Applies To: Windows Server 2003, Windows Server 2003 with SP1

The UNC authentication method, which is also known as UNC Passthrough authentication, determines the credentials to use for gaining access to a UNC share on a remote computer. UNC Passthrough authentication works only with authentication methods that can perform delegation, for example, Basic authentication and Kerberos authentication. If you use IIS Manager to create a Web site or virtual directory and you specify a UNC path for the content, IIS Manager prompts you to type a user name and a password for the network resource. The user name must be specified as domain\username. If you specify a user name and password, both the UNCUserName Metabase Propertyy and the UNCPassword Metabase Property are set.

In IIS 6.0, UNC authentication works by looking at the requesting user and the credentials that are stored in the UNCUserName and UNCPassword properties of the metabase to determine the credentials to pass through to the computer with the UNC share. If UNCUserNameis specified (not empty) and UNCPassword is valid, the metabase user credentials are sent as the user identity for access to the remote share. If UNCUserName is specified (not empty) and UNCPassword is not valid, a "500 Internal Server Error: Invalid User Name or Password" message is sent to the client. If UNCUserName is empty, the credentials of the request user, which can be either an authenticated set of credentials for authenticated requests or IUSR_computername credentials for anonymous requests, are sent as the user identity for access to the remote share.
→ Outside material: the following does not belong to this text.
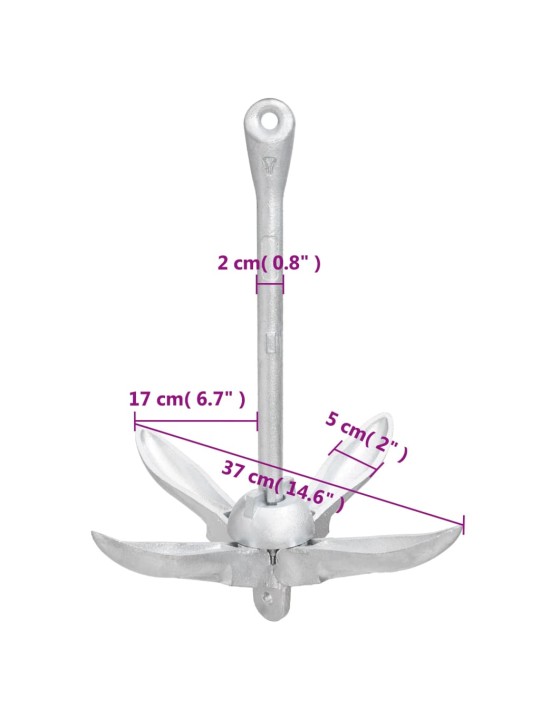 Taitettava ankkuri hopea 3,2 kg takorauta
Table 5.6 shows the behavior resulting from the values of UNCUserName and UNCPassword.

Table 5.6 Values and Behavior of UNC Passthrough Properties in the IIS Metabase

Constrained Delegation

Delegation is the act of allowing a service to impersonate a user account or computer account to access resources throughout the network. When a service is trusted for delegation, that service can impersonate a user to use other network services. Constrained delegation is a new option for Windows Server 2003 that allows you to specify the SPNs to which an account can delegate. A service can be trusted for delegation, but the domain administrator can limit that trust to a select group of explicitly specified services. By allowing delegation only to specific services, you can control the specific network resources the service or computer can use.
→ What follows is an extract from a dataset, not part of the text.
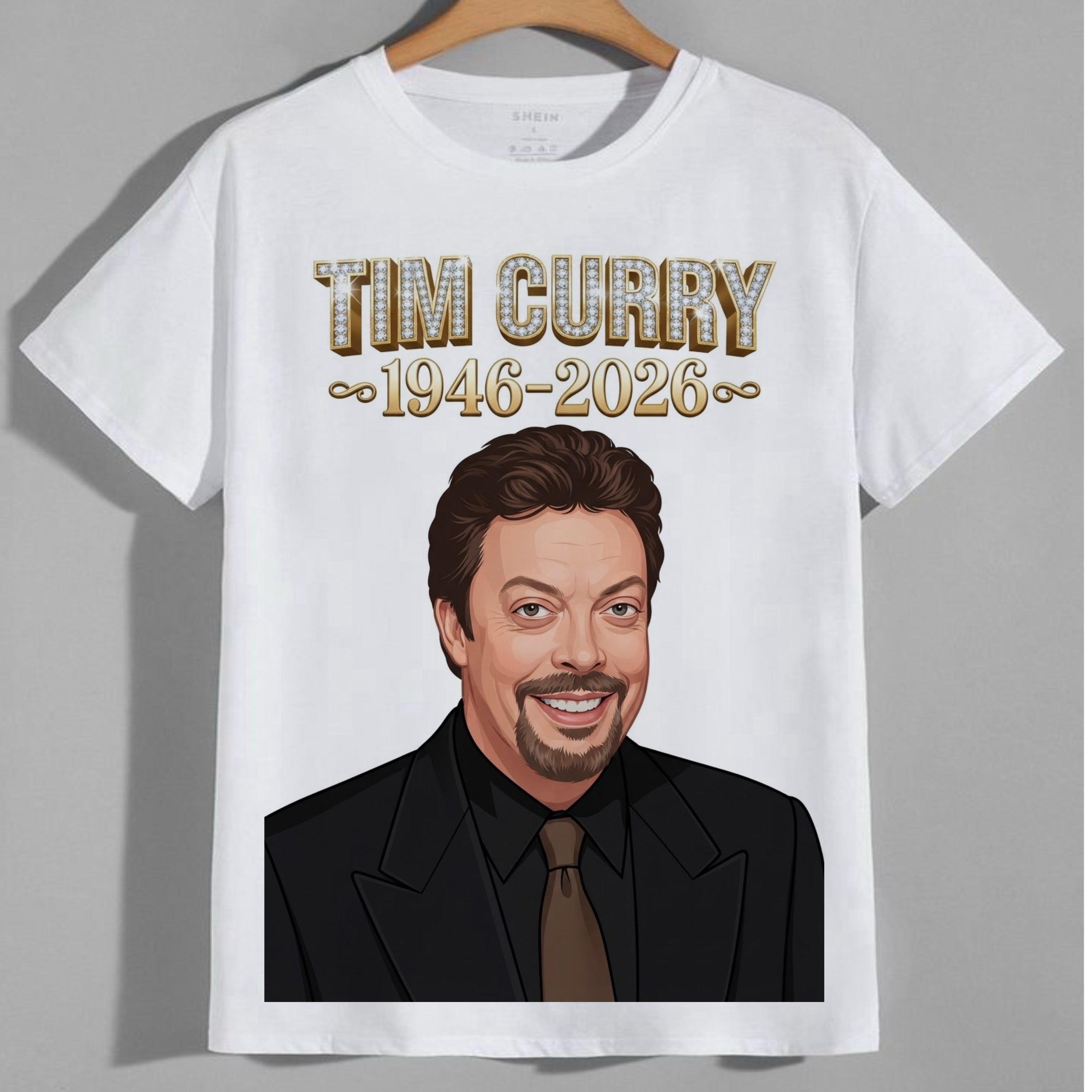 Tim Curry 1946-2026 gold edition tribute graphic tee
Constrained delegation is particularly useful in scenarios in which a site that requires authentication — a site that does not allow anonymous access — contains content that is housed on a remote UNC file server. With constrained delegation, you can enable Integrated Windows authentication, which can use NTLM authentication or send credentials across the network as a Kerberos token. For more information about Integrated Windows authentication, see Integrated Windows Authentication.

Figure 5.3 shows how constrained delegation works in a simple configuration.
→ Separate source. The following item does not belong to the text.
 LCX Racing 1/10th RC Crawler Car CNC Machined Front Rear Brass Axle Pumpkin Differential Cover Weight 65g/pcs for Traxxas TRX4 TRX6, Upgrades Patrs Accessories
Deciding Whether to Use Constrained Delegation

Constrained delegation is best implemented in a Windows Server 2003 domain. Although you can use constrained delegation in a Windows 2000 Server mixed domain, there are significant limitations. In a Windows 2000 Server mixed domain, constrained delegation works only for users that are authenticated using Basic or Kerberos authentication. In addition, you cannot restrict delegation to a specific set of services on a computer running Windows 2000 Server, which makes it difficult to implement this feature and reduce the attack surface of your server.

If you do not use constrained delegation but you enable Integrated Windows authentication, the token that the Web server obtains from the security infrastructure of Windows does not have sufficient permissions to access another computer, such as your file server. However, with constrained delegation and Integrated Windows authentication, the token received by the Web server from the security infrastructure of Windows is a Kerberos-based token with permission to access other computers, including the file server. Essentially, constrained delegation allows an NTLM-based token to be upgraded to a Kerberos-based token.

If you use Basic authentication, you probably do not need constrained delegation because the tokens cached by Basic authentication have sufficient permissions to access other computers in the domain, including the file server. However, in some situations you do not need to allow clients to authenticate with Integrated Windows authentication, but you might need constrained delegation. For example, you might have applications that need to access a file server using computer accounts, such as an enterprise intranet application that impersonates the client to gain access to information on various servers in the enterprise and then presents the consolidated data to the client over HTTP.

If you are running IIS 6.0 in IIS 5.0 isolation mode and you have an out-of-process application, this process normally runs as the local IWAM_computername account, which prevents constrained delegation from working correctly. One example of an application that might fail to perform as expected in this scenario is an ASP application that accesses a remote computer running Microsoft® SQL Server™ on which you intend for the authenticated users credentials to be used. To fix this, switch IIS to run in worker process isolation mode.